It would be informative to add a column showing percent weights, so people could see how important each item is within each category. The column would add to 100 percent. It must be available somewhere so that total (or Overall) for each category can be calculated.
Yes, thanks, done, for services. But it’s % of overall CPI, not % of services CPI. Services CPI = 59% of total CPI.

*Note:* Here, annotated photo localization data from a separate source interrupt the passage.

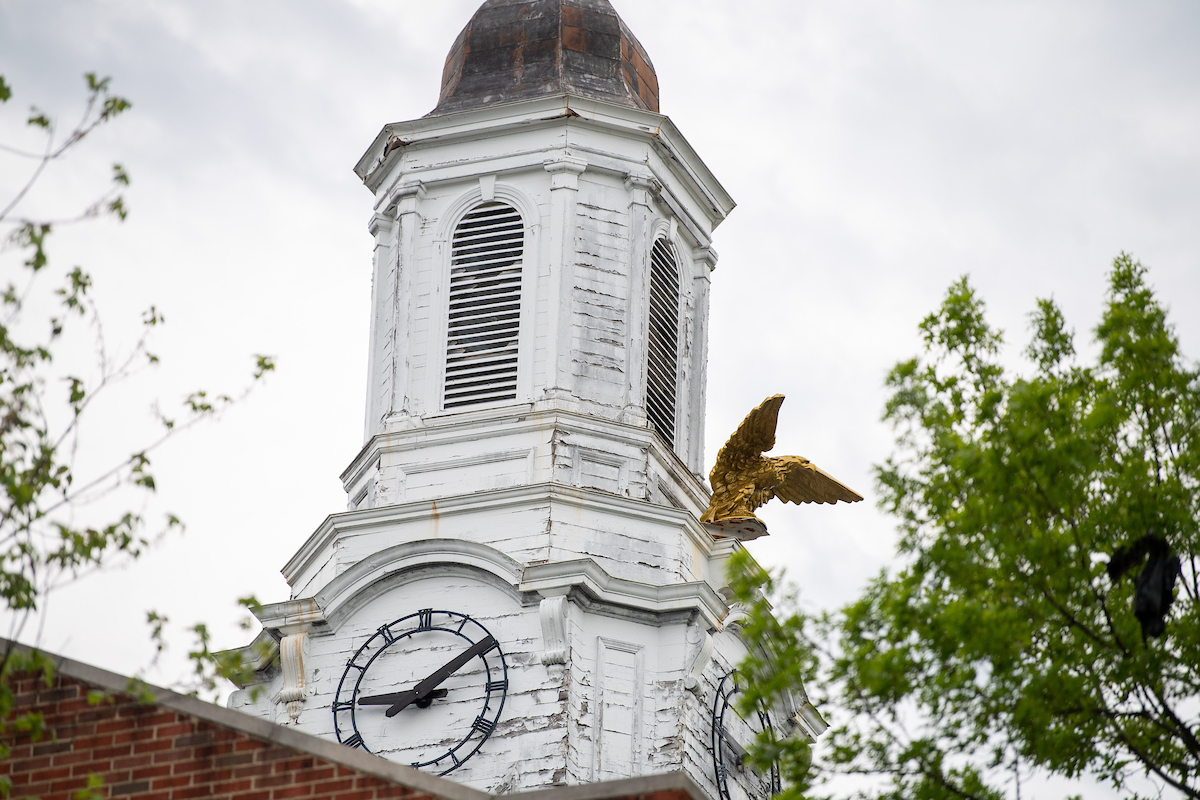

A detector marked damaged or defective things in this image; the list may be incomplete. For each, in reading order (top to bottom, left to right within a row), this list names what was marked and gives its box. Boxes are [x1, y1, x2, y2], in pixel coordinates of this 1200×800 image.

rusted metal dome [432, 0, 657, 116]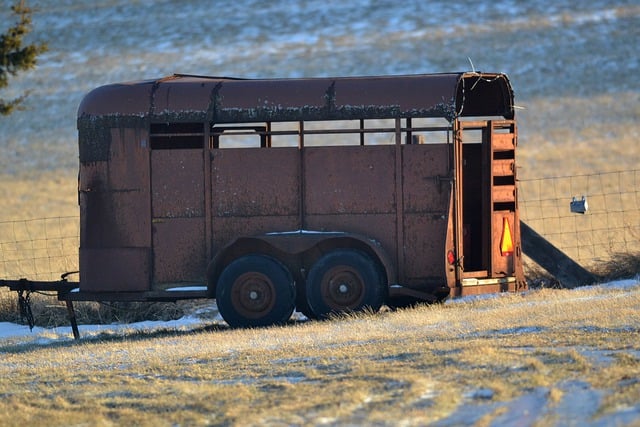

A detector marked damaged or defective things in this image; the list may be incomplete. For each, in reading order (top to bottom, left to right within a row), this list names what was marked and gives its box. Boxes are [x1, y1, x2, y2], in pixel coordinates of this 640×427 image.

corroded metal panel [152, 150, 204, 217]
corroded metal panel [210, 148, 300, 221]
rusty livestock trailer [5, 71, 524, 332]
corroded metal panel [304, 145, 396, 216]
corroded metal panel [153, 219, 208, 286]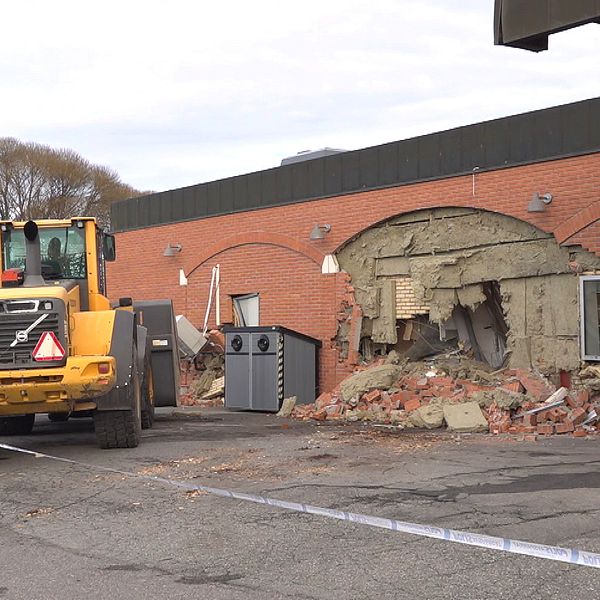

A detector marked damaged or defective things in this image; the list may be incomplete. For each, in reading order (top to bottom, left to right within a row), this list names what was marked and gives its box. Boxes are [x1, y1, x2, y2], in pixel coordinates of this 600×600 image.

torn wall insulation [336, 209, 600, 372]
damaged brick wall [338, 209, 600, 372]
cracked asphalt [1, 408, 600, 600]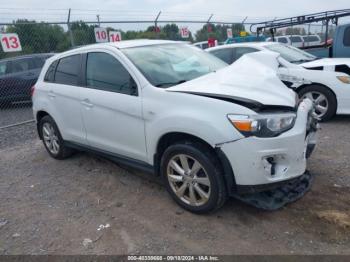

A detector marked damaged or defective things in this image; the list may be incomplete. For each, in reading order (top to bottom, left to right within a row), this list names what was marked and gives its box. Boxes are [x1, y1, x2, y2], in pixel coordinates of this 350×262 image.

crumpled hood [168, 50, 296, 108]
damaged front bumper [220, 98, 318, 194]
detached bumper piece [234, 172, 314, 211]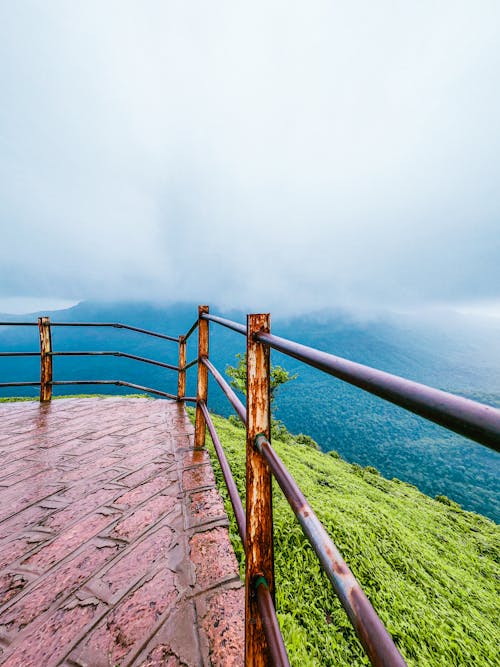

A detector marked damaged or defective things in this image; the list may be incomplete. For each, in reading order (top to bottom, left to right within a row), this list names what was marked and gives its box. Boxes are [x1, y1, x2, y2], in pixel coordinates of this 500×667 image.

rust stain on post [193, 308, 209, 448]
rust stain on post [244, 314, 272, 667]
rusty metal post [246, 314, 274, 667]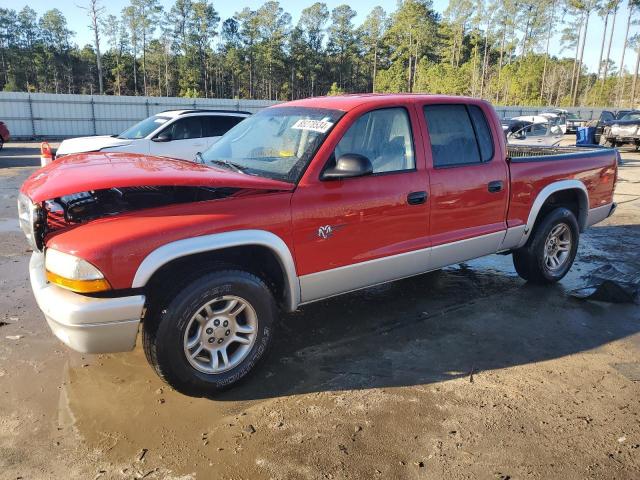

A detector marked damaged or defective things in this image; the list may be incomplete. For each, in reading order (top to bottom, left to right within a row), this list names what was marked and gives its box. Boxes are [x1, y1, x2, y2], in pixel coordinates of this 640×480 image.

damaged hood [55, 134, 134, 155]
damaged hood [21, 151, 296, 202]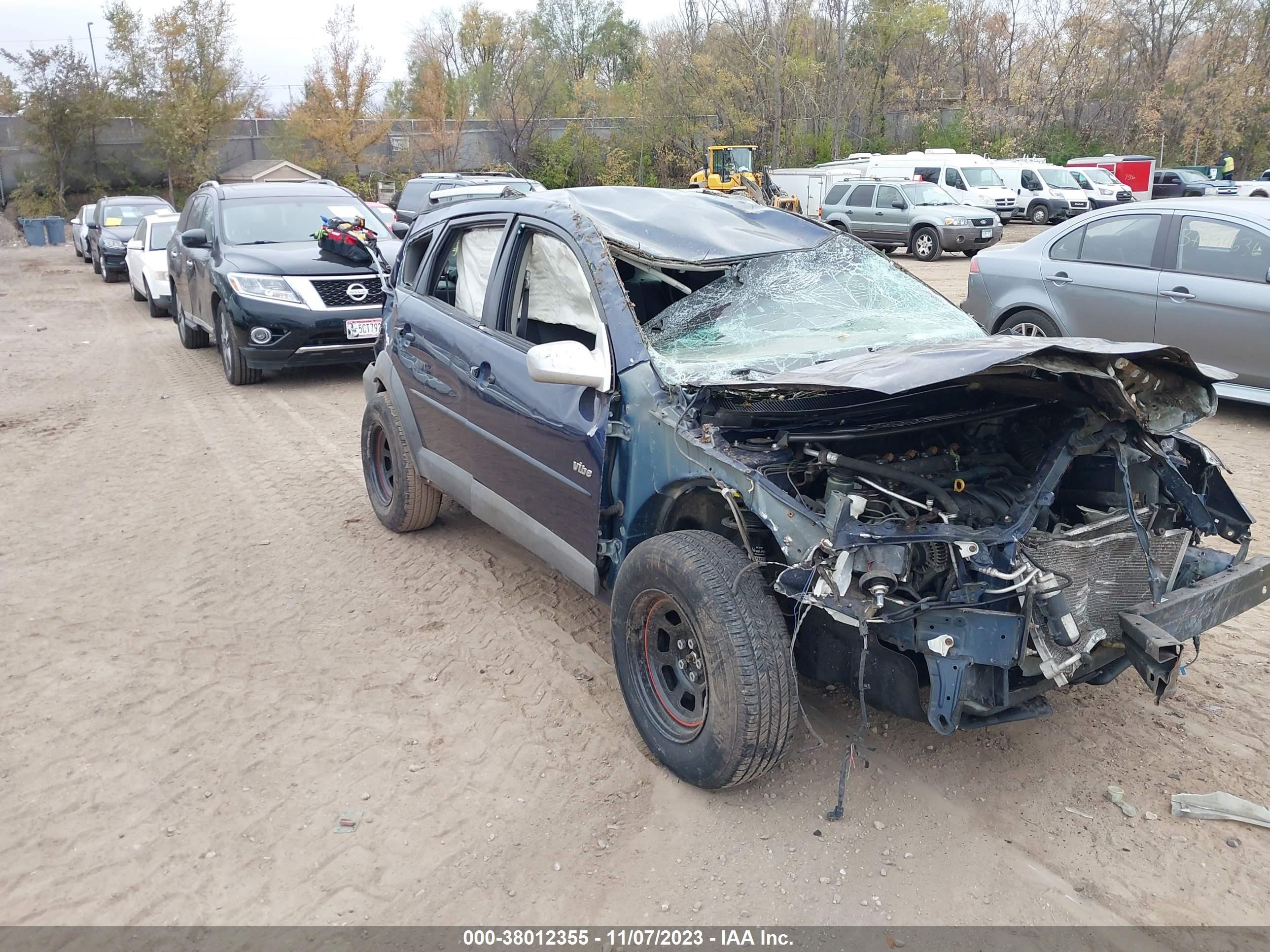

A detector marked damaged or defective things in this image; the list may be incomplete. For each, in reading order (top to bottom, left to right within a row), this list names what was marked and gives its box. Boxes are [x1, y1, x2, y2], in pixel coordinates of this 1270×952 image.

shattered windshield [647, 234, 982, 384]
severely damaged car [359, 186, 1270, 788]
destroyed front end [659, 341, 1262, 729]
crumpled hood [694, 335, 1231, 436]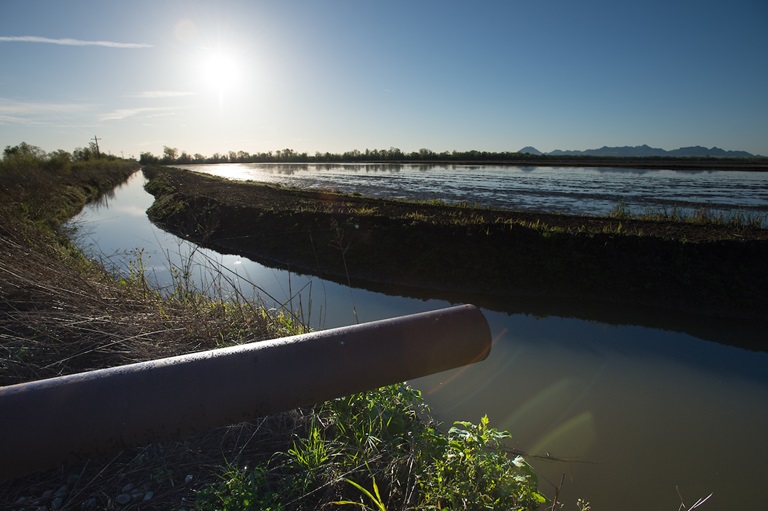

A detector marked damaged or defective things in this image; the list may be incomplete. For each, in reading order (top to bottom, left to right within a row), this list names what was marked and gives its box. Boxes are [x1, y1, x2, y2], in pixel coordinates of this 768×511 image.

rusted pipe surface [0, 304, 488, 480]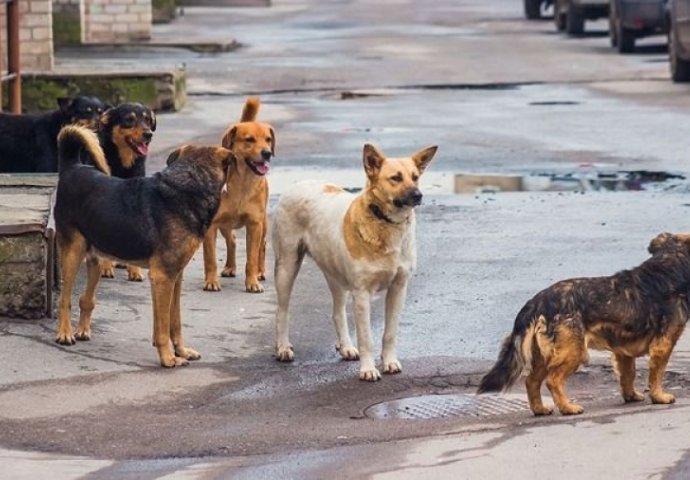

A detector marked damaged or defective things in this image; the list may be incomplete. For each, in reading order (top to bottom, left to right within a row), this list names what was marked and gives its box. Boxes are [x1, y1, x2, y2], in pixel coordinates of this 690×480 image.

pothole [366, 394, 528, 420]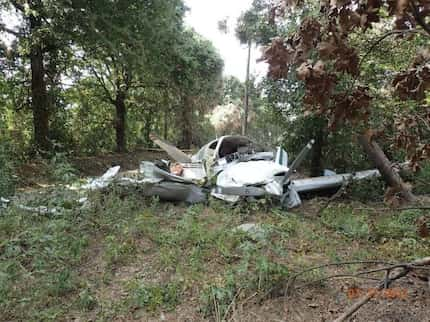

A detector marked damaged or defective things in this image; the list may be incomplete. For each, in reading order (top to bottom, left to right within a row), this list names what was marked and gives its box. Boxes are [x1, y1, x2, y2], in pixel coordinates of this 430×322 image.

crashed small airplane [94, 134, 376, 209]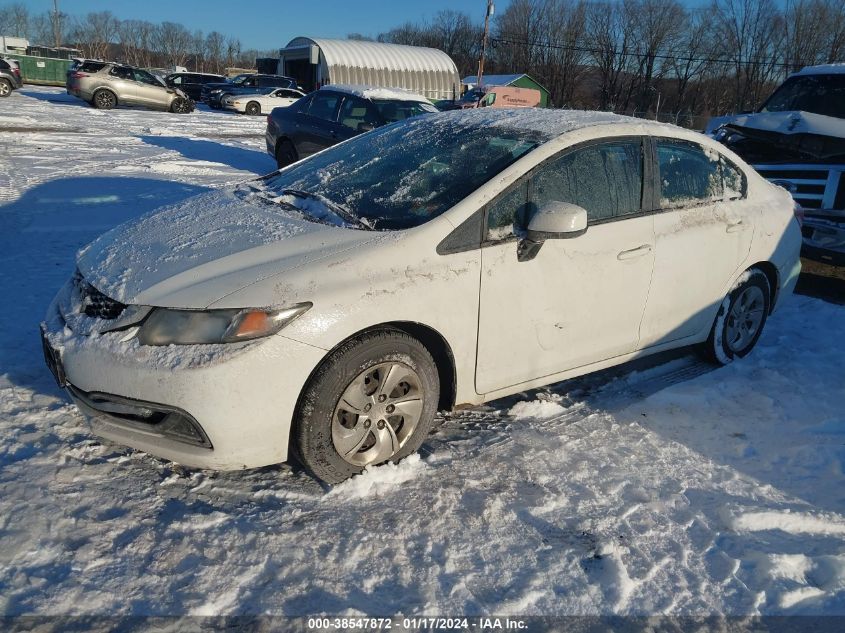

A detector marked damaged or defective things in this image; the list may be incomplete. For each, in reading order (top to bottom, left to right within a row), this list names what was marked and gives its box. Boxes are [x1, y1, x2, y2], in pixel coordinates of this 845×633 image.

headlight lens cracked [137, 302, 312, 346]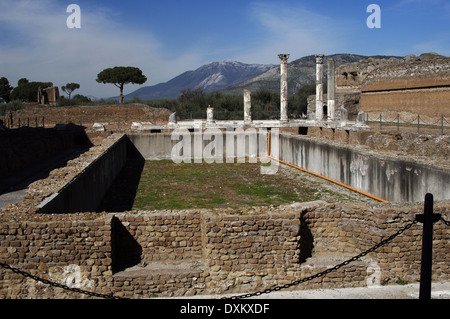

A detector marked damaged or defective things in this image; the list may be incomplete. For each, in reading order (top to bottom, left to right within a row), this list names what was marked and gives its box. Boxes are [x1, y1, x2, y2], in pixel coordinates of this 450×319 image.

rusty metal stake [416, 194, 442, 302]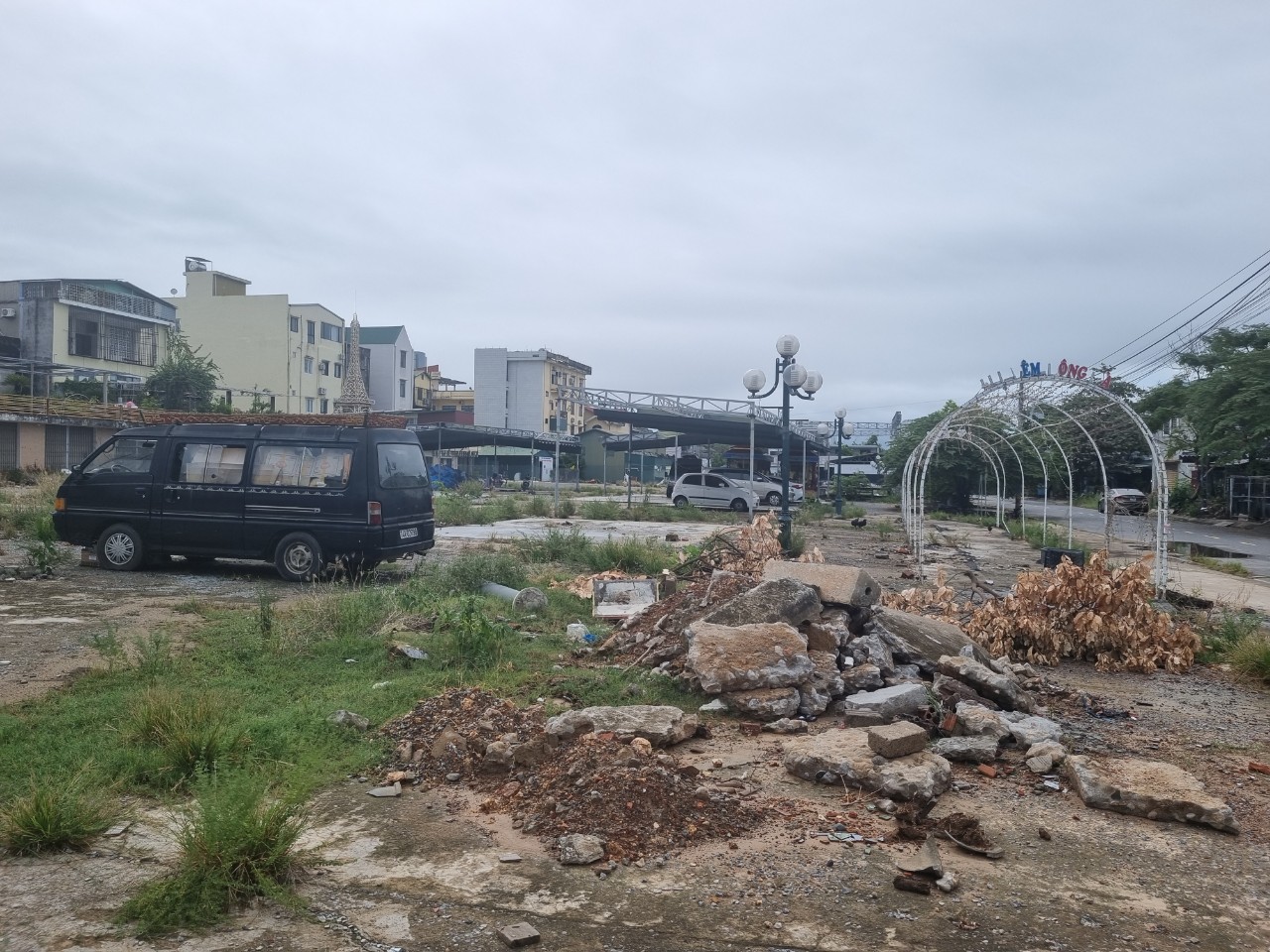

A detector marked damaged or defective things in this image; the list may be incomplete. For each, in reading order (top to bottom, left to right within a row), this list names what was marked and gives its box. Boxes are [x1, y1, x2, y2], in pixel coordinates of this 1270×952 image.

abandoned black van [52, 424, 437, 579]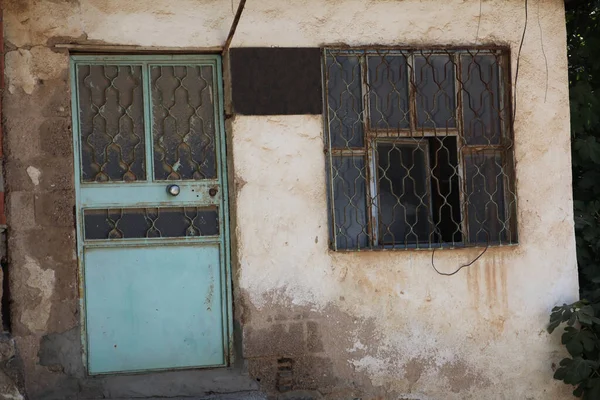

I also set it up on my spreadsheet to where services CPI = 100%, and all services are a % of total services CPI. But I’m looking at it, and I’m not sure how useful this is. I could add both columns, but that’s a lot of numbers. So I’m going to mull this over till next time.
FED not doing anywhere near enough to slow down housing prices. Prices remain very sticky high (unless you are in new build/high price&crime markets like SF, Seattle, Austin, Phoenix, Vegas, etc.). Inventory for existing homes is ridiculously low. Where are the MBS sales…wait for it…crickets chirping.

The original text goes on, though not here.